**Goal of the exercise**:
Return each line of the records with nothing changed, pictures excepted.
+++
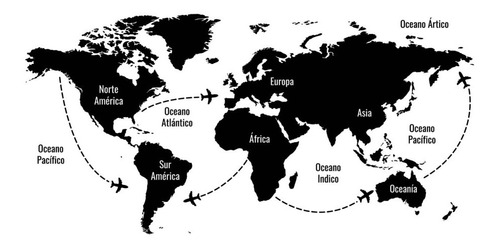 Vinilo Decorativo Adhesivo Mapa Del Mundo Mapa Mundi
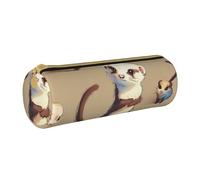 BNVSADC Cute Hairy Ferret Printed Round Pencil Case Leather Pencil Pouch Cute Stationery Pencil Pen Bag for School Office Travel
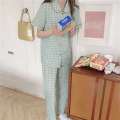 INTIMA Shorts/Long Pants Green Pamas for Women Korean Ins Style Sleepwear Lapel Casual Button Plaid Homewear Pama Set Ladies 2-pieces Loose and Comfortable. 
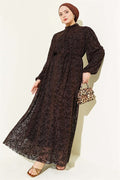 Floral Patterned Tulle Dress with Strappy Belt, Coffee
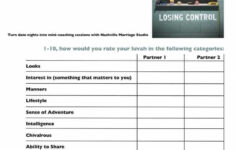 Free Marriage Counseling Worksheets And Marital Counseling Worksheets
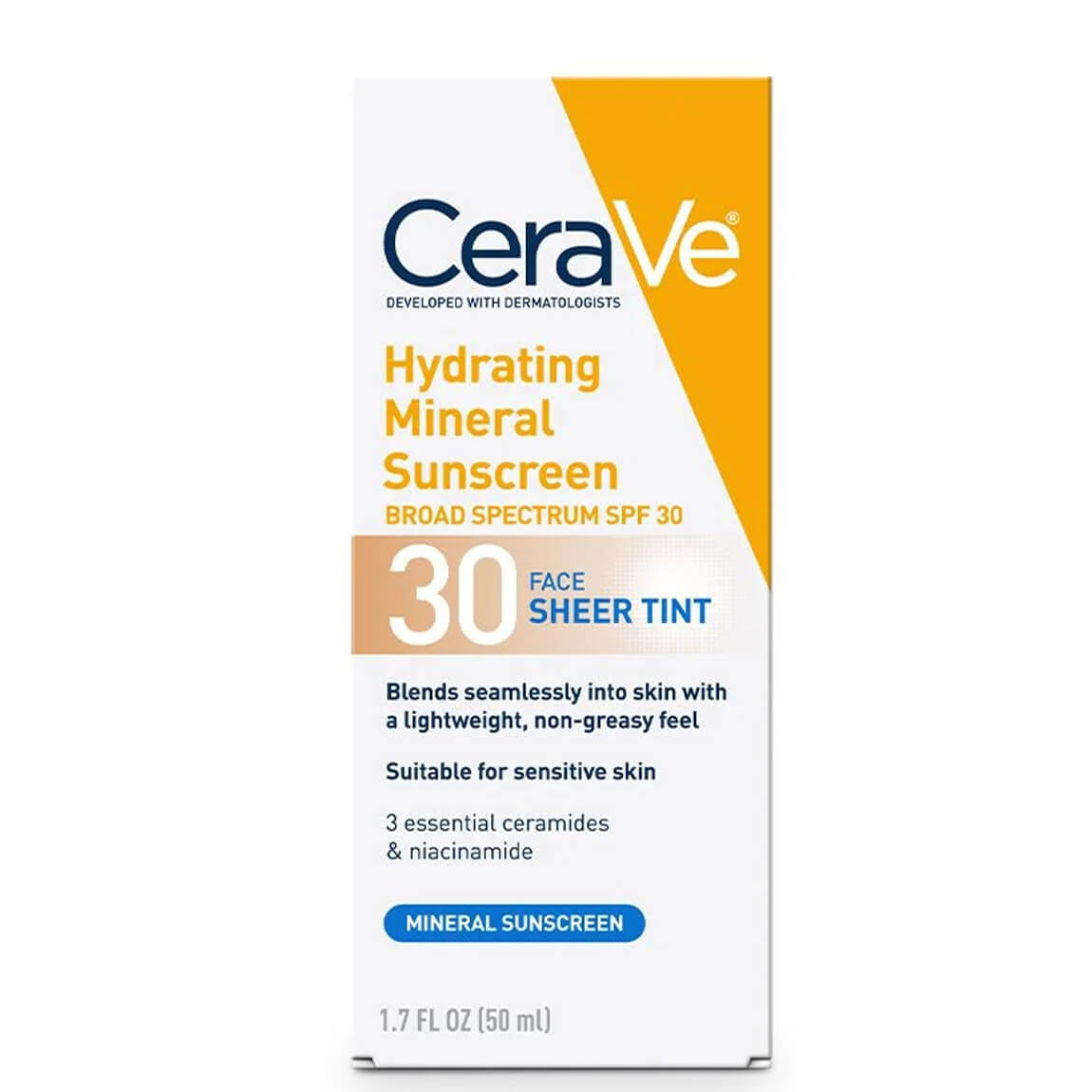 Protector Solar Tintado con SPF 30 CeraVe Mineral Hidratante con Óxido de Zinc y Dióxido de Titanio 1.7oz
+++
**Task result**:
 Vinilo Decorativo Adhesivo Mapa Del Mundo Mapa Mundi
 BNVSADC Cute Hairy Ferret Printed Round Pencil Case Leather Pencil Pouch Cute Stationery Pencil Pen Bag for School Office Travel
 INTIMA Shorts/Long Pants Green Pamas for Women Korean Ins Style Sleepwear Lapel Casual Button Plaid Homewear Pama Set Ladies 2-pieces Loose and Comfortable. 
 Floral Patterned Tulle Dress with Strappy Belt, Coffee
 Free Marriage Counseling Worksheets And Marital Counseling Worksheets
 Protector Solar Tintado con SPF 30 CeraVe Mineral Hidratante con Óxido de Zinc y Dióxido de Titanio 1.7oz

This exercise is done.